After digging through the heap dump I found that a thread processing that request is stuck at socket read: "Thread-5248962" daemon prio=10 tid=0x00007f21800cb000 nid=0x1924 runnable [0x00007f217f848000] java.lang.Thread.State: RUNNABLE at java.net.SocketInputStream.socketRead0(Native Method) at java.net.SocketInputStream.read(SocketInputStream.java:129) at java.io.BufferedInputStream.fill(BufferedInputStream.java:218) at java.io.BufferedInputStream.read1(BufferedInputStream.java:258) at java.io.BufferedInputStream.read(BufferedInputStream.java:317) - locked <0x0000000708777a90> (a java.io.BufferedInputStream) at sun.net.www.http.HttpClient.parseHTTPHeader(HttpClient.java:687) at sun.net.www.http.HttpClient.parseHTTP(HttpClient.java:632) at sun.net.www.protocol.http.HttpURLConnection.getInputStream(HttpURLConnection.java:1195) - locked <0x0000000708777ad0> (a sun.net.www.protocol.http.HttpURLConnection) at java.net.HttpURLConnection.getResponseCode(HttpURLConnection.java:379) at com.caucho.hessian.client.HessianProxy.invoke(HessianProxy.java:166) at $Proxy100.cacheBuildStatus(Unknown Source) at com.pmease.quickbuild.DefaultBuildEngine.cacheBuildStatusInGrid(DefaultBuildEngine.java:1275) at com.pmease.quickbuild.DefaultBuildEngine.process(DefaultBuildEngine.java:286) at com.pmease.quickbuild.DefaultBuildEngine.access$1(DefaultBuildEngine.java:242) at com.pmease.quickbuild.DefaultBuildEngine$2.run(DefaultBuildEngine.java:753) at java.lang.Thread.run(Thread.java:662) Checking the parameters for connection QB uses to communicate with grid I found that you have set connectionTimeout but no readTimeout meaning it will just wait forever if a node just disappears in the middle of socket session and does not close the connection properly. We can not assume the network to be 100% stable due to distributed nature of our grid. What's most annoying is that it's impossible to remove the hanging build from the queue. It just does not go away. The only way to get rid of it is to restart QB which we can not afford to do very often. |
Comments |
Comment by Rene Raasuke [ 14/Jun/11 02:14 PM ] |
Attached a screenshot of the situation as well |
Comment by Robin Shen [ 15/Jun/11 12:34 AM ] |
Previously we've set the socket read timeout but get frequent bug report that the build experiences socket read timeout. Unlike socket connection, socket read may take a very long time due to current remote call mechanism in QB (for example when a build resolves dependency of another build, it will simply wait them for build completeness). So we temporarily removed the socket read timeout in QB3. As we are redesigning the grid system in QB4 to make use of asynchronous remote calls (a remote call will not wait for certain build to finish, instead, the finished build will notify the consumer), read timeout will be feasible as each remote call is expected to finish in a short time. |
Comment by Rene Raasuke [ 15/Jun/11 04:44 AM ] |
I'm afraid we can't wait for QB4 with this one. We get several incidents per week. We'd rather lose a build request than watch the queue fill up with thousands of builds, bringing the whole grid to halt eventually.

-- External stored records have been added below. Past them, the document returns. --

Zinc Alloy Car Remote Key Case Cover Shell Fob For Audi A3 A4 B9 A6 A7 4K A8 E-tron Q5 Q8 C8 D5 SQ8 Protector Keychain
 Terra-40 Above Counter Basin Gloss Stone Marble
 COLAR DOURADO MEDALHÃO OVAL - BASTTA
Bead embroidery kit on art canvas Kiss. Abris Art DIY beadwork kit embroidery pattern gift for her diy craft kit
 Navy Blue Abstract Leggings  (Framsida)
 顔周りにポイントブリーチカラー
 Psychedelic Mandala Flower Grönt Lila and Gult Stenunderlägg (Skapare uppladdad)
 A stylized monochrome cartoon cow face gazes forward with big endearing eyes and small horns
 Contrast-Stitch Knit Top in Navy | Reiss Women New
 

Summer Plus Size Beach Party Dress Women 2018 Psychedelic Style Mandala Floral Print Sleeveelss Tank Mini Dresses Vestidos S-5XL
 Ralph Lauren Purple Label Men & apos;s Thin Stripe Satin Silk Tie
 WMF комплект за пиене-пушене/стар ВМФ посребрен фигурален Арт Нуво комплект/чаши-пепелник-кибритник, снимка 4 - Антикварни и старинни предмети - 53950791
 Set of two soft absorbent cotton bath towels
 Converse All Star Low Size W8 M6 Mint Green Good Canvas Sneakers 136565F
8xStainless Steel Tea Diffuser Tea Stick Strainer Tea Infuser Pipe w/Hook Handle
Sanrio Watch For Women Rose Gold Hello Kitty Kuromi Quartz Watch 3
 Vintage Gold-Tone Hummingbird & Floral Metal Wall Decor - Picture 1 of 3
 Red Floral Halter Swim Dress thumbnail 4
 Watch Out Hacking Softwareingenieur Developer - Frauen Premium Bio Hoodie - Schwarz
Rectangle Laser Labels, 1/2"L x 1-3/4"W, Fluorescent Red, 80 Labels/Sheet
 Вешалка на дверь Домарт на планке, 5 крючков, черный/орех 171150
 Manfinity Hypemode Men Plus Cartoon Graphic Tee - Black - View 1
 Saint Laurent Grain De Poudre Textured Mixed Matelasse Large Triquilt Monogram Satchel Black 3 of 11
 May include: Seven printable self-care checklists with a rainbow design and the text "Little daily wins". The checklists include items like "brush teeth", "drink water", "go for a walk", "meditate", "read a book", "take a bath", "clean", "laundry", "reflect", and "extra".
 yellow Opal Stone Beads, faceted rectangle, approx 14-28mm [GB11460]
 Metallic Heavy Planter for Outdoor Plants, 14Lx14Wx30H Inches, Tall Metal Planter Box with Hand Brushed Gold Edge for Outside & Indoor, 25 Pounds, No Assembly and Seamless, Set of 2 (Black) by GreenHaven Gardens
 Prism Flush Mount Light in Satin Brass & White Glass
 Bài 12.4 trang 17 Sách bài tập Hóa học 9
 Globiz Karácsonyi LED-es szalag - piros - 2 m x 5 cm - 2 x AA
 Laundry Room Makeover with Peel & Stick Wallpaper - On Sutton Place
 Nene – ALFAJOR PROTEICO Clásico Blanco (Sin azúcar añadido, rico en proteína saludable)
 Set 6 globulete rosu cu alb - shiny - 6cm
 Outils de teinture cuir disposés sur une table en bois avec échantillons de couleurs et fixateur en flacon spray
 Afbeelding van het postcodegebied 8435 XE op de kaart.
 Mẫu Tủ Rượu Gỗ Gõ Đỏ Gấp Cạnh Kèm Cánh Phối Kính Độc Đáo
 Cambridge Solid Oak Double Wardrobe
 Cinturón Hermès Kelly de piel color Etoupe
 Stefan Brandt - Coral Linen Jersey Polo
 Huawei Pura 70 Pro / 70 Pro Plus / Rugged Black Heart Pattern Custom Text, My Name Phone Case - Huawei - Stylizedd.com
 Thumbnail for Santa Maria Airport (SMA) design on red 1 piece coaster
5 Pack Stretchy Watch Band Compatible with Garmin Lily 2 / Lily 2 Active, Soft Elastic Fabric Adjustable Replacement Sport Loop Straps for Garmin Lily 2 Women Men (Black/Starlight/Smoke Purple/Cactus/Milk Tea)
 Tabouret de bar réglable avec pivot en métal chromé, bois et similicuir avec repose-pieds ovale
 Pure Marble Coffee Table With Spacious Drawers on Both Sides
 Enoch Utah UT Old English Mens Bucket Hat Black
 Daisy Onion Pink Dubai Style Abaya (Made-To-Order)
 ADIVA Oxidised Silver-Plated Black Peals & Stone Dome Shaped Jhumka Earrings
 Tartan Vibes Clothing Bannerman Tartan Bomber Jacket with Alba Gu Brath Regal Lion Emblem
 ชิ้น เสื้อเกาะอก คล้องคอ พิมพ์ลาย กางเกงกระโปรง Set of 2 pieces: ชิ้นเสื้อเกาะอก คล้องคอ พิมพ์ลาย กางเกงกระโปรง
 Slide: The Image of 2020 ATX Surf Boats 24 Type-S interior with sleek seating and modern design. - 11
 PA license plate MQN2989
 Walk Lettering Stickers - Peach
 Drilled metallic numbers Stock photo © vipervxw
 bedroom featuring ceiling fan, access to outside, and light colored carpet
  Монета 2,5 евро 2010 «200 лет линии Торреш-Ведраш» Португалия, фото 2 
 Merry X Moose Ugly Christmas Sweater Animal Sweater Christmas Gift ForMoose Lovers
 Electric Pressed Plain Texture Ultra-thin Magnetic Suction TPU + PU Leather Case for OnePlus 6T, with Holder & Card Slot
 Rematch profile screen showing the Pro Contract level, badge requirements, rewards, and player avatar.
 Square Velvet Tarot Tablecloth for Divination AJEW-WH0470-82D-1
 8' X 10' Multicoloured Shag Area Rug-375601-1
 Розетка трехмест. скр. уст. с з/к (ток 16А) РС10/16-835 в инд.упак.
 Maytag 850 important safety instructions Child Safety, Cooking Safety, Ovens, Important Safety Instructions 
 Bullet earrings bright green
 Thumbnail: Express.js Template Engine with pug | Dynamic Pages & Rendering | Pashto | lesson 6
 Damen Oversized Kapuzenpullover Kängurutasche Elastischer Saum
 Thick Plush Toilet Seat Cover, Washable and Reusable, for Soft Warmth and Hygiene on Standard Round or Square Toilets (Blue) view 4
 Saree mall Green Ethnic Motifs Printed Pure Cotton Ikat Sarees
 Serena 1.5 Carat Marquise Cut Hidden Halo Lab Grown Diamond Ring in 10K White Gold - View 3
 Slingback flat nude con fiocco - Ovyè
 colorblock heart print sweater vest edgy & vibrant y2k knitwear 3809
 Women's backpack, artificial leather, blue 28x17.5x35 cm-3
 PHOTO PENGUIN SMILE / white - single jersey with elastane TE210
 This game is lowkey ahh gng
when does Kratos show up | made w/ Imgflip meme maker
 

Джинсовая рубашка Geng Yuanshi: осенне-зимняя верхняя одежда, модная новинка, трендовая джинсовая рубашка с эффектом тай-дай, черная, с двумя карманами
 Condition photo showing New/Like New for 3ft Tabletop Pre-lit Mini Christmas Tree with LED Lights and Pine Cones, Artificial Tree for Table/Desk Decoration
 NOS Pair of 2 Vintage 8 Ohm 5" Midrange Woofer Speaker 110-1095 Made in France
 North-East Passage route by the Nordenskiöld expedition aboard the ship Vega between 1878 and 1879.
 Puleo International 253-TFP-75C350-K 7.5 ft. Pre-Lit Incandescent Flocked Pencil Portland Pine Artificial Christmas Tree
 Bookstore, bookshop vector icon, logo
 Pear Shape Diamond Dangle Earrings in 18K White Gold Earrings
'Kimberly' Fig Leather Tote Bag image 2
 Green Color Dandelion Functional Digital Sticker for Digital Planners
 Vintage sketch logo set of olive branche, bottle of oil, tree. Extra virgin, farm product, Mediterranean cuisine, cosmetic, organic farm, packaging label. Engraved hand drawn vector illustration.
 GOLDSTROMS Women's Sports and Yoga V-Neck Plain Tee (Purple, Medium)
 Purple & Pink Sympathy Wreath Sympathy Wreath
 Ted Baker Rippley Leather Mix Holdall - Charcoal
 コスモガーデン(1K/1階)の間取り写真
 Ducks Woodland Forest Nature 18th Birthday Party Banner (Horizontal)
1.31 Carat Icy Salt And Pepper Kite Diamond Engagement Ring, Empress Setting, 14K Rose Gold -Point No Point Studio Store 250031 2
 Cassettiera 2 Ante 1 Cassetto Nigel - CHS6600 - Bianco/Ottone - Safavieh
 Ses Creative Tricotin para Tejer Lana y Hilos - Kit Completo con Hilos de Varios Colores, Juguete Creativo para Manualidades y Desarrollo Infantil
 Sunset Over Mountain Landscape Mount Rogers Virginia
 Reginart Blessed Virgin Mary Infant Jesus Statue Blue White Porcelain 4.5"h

what I suggest you do: 1) set the timeout to a big enough number, it does not have to be 30 seconds. Even 20 minutes would do. 2) and/or make the timeout configurable so we can set it for ourselves only |
Comment by Robin Shen [ 15/Jun/11 11:26 PM ] |
OK, I understand. Will add this back into QB3 probably with a configurable read timeout. |